Durch Cole's Aktion von eben habe ich mittlerweile auch schon mein Ziel verloren. Das einzige was ich nur tun möchte, ist so weit wie möglich weg von Cole zu kommen. Und wenn es das letzte ist, was ich tun würde. Mir ist es egal, ob ich durch halb London stampfen müsste, bis meine Aggressionen verebbt sein würden. Dann würde ich es halt tun.

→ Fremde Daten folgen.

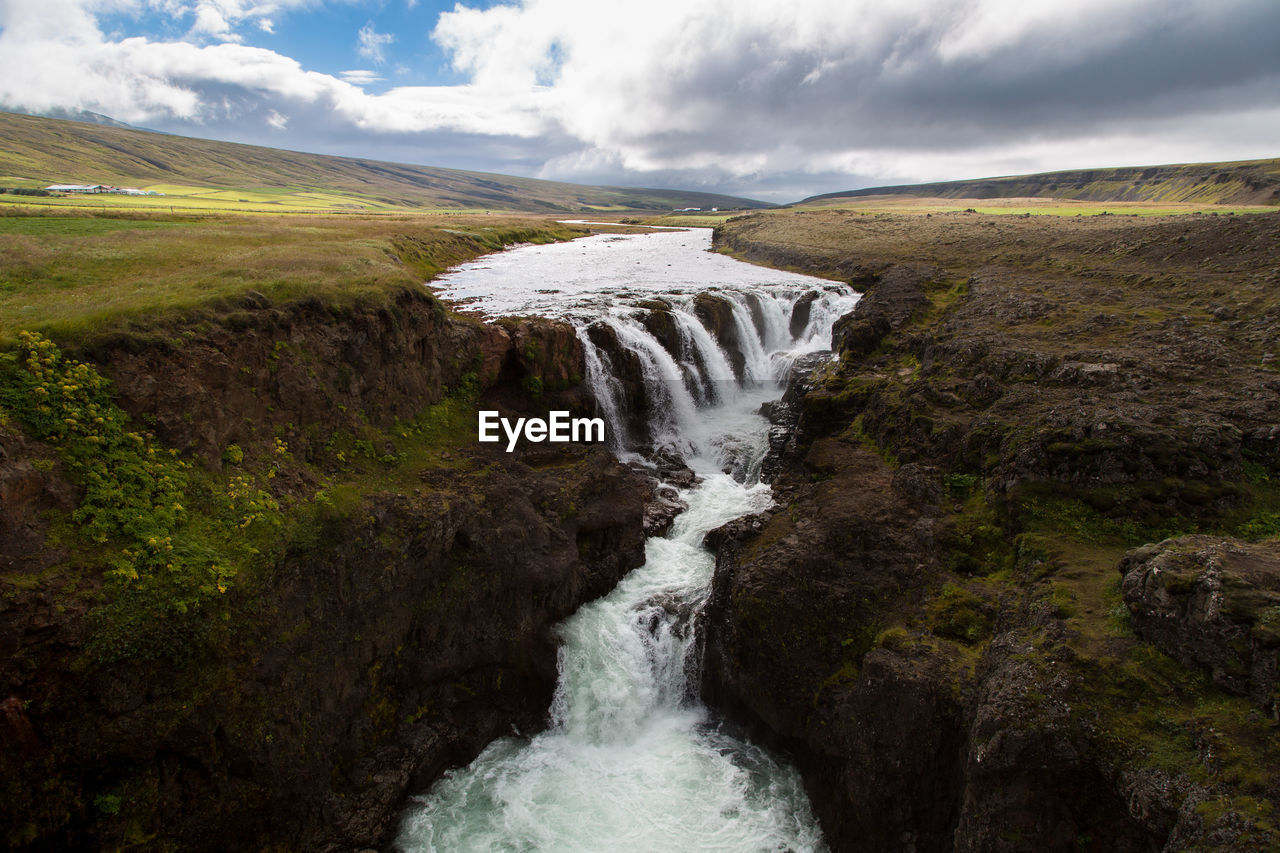 Scenic view of waterfall against sky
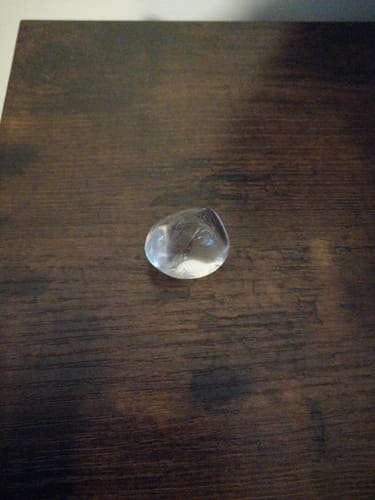 Le Cristal de Roche qualité AAA d'un client, une pierre claire et polie sur une table.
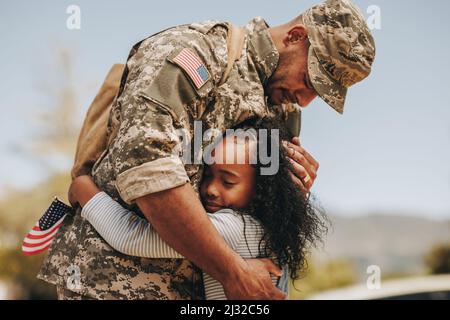 Emotionaler Soldat, der seine Auf Wiedersehen seiner Tochter sagte, bevor er in den Krieg ging. Patriotischer Militärangehöriger umarmt sein Kind, bevor er zum Dienst an seinem Coun geht Stockfoto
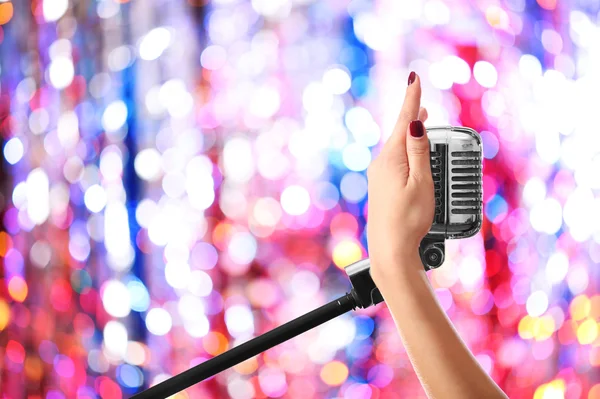 Mão feminina segurando microfone — Fotografia de Stock
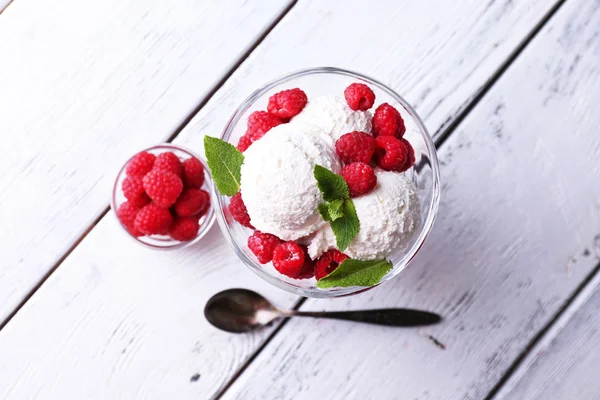 Gelato cremoso con lamponi su piatto in ciotola di vetro, su sfondo di legno a colori — Foto Stock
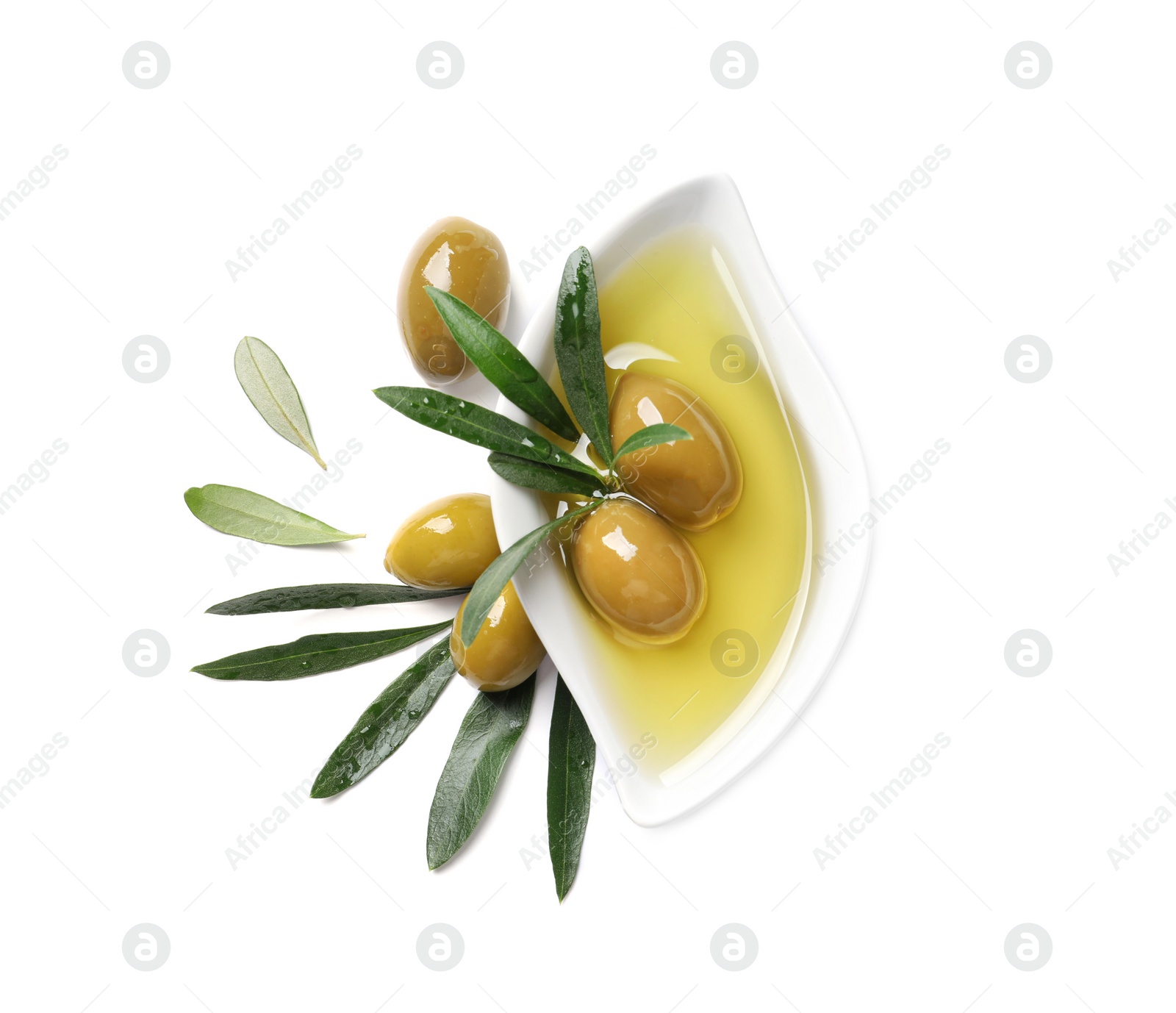 Photo of Dish with oil, olives and leaves on white background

Meine Aggressionen, lasse ich mit so einer Wucht auf dem Teer unter mir aus, da könnte man meinen, ich wäre heiß darauf die Straße teilweise zu zerstören. Als würde ich die Schlaglöcher nur noch weiter ausscharben und danach größer, als sie es vorher ohnehin schon waren, zurücklassen. Vergleichbar mit der Wunde auf meiner Haut, bei der mein alter, guter Kollege Cole den Schorf auf eine grausame Art und Weise abgerissen hat und alles einfach nur noch um ein vielfaches verschlimmert hat, anstatt sie einfach in Ruhe zu lassen. Hätte er denn nicht einfach nur einen Verbandskasten benutzen können? Ein Plaster auf die Wunde draufkleben können? Aber nein, wahrscheinlich hätte er danach sowieso das Pflaster abgerissen, mit samt den ganzen Härchen, auf denen das Pflaster einst geklebt hat. Die Haare, die beim Herausreißen so ein ziehendes Gefühl hinterlassen, als würde dir gerade jemand einen Epilierer auf die behaarteste Stelle deines Körpers legen, und du könntest nichts dagegen tun.
Ja, so ist es. Aber mir ist es egal.
Vielleicht werde ich ja auch einfach eine genauso kalte und abweisende Stimmung an den Tag legen, wie Cole. Mir würde alles egal sein, was um mich herum passieren würde. Ich würde,... Ach ich will gar nicht mal mehr dran denken.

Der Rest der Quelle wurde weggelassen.